Mother is breathtaking. She wears a gown the color of spilled blood. It seems to drip off her very skin. In her hair, hundreds of little white flowers flutter like living things.

Bitterbloom.

I take a step away, hardly able to believe what I am seeing.

Esme Thorn, the vicar’s wife. Esme Thorn, up to her elbows in the earth or hidden behind the garden shed door, the bitter scent of lemons spilling out to greet my inquisitive nose.

Esme Thorn, like a queen in this underworld.

My throat turns sharp, and I try to smile, but all I seem to manage is a thing like weak tea.

“Are you all right?” she asks, one lithe hand coming to rest on my cheek.

My pulse quickens. No, no, I am not. I can feel the bones beneath her skin. Count them as if they are my own. They seem so brittle here, like a bird’s, and yet when I look up at her, brittle is the last word I would choose.

Here, she is something else. Transformed. A creature of red and white and gold. It is both haunting and beautiful, and I feel as though I am being tugged in by ropes on either wrist. I swallow, try on yet another smile.

“I’m fine. I just—I just want to go home.”

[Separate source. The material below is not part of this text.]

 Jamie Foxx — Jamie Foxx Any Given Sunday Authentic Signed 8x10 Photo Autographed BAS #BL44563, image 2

She curls her hand around my jaw, cups my cheek. Mother towers over me, her face so much like my own it’s like a shadow come to life.

“I’m sorry for how I responded earlier, my darling.

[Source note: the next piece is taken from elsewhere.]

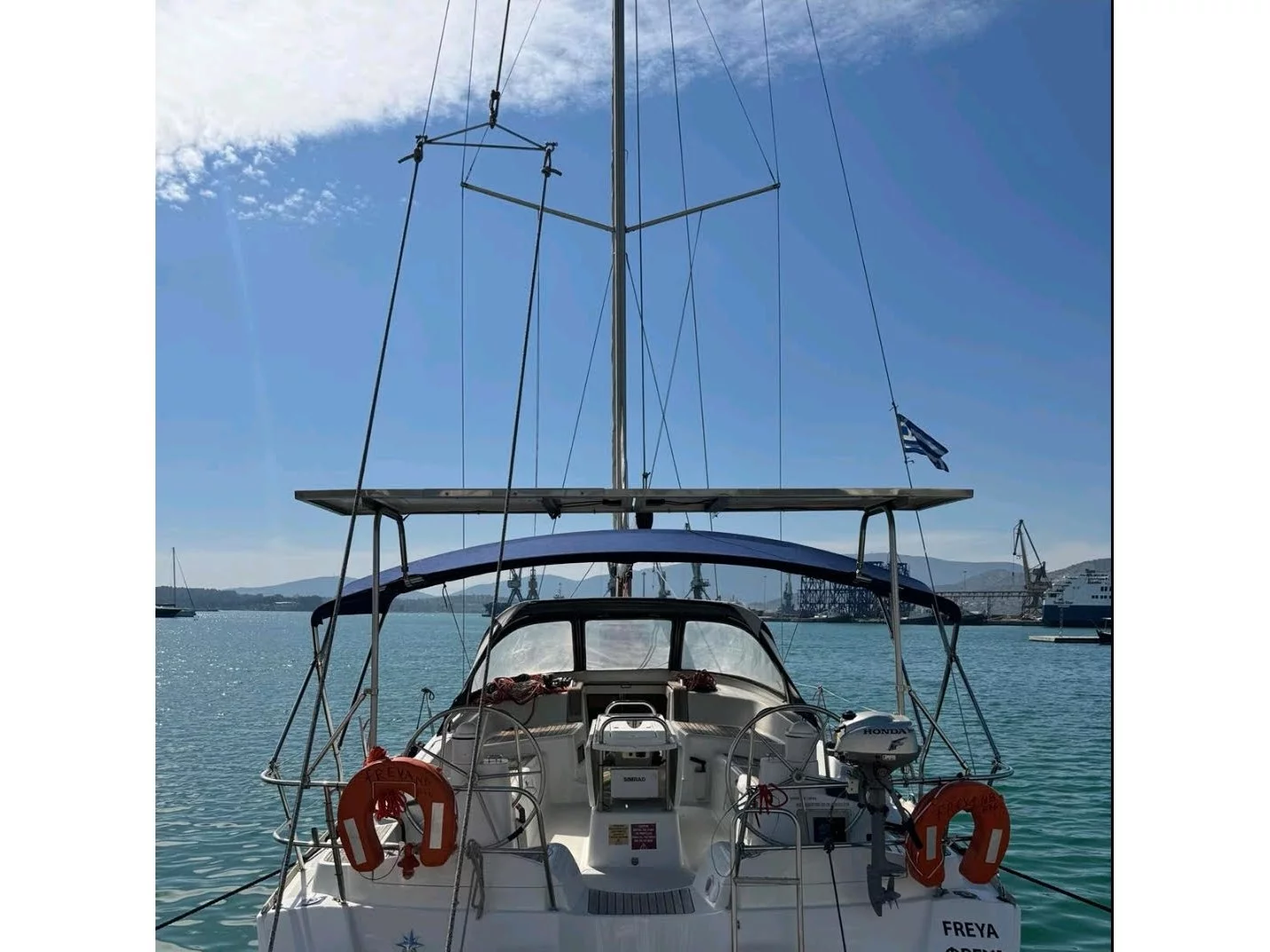Sun Odyssey 42DS (FREYA) Main image - 0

I understand your feeling,” she says, and hope kindles in my chest. “I understand the desire to go back home, feel the wet grass beneath your feet, the spring scent in the air.” Her eyes flash behind me to the dancing figures.

“But what if I told you there was something better?”

My breath drops to my stomach, my knees shaky. “Something better?”

Her smile glistens like glass. She takes me by the hand, leads me over to a darkened window, and draws aside the curtain. White glimmers outside. White and green and yellow alike. It takes me a moment to realize what I am seeing, but once I do, my mouth drops open.

Bitterbloom.

Hundreds of brilliant, bright white petals. They are a field, a moat, each bloom lifting a glossy head to the pale moon. My breath fogs up the glass.

“How are they growing here?”

She says nothing for a moment, as if sifting through words to try and find the right ones. “They grow where the ground tells them. Where there is a remembrance of life.”

A remembrance of life. The words stick at the back of my throat like a film. Before I can ask her to explain herself, she is whisking me away from the window, her elbow hooked through mine.

The music swells, a haunting melody of strings not quite tuned.

It grates on my ears and runs a single finger down my spine.

Mother leads me to the center of the dance floor, the scent of citrus in her wake.

She folds her fingers through mine, places a hand at my side, and begins to turn me through the melee of surrounding death.

It begins as a twist of her lips. Subtle, if not for the fact I have pictured her face every day since we laid her in the ground. Her teeth glint out—not a smile exactly, more like the face a fox makes before it pounces on prey.

Hot spikes pierce my belly, and I tear my gaze away, searching the room for Bram. But I do not see him. There are too many faces—dead ones—and none I know.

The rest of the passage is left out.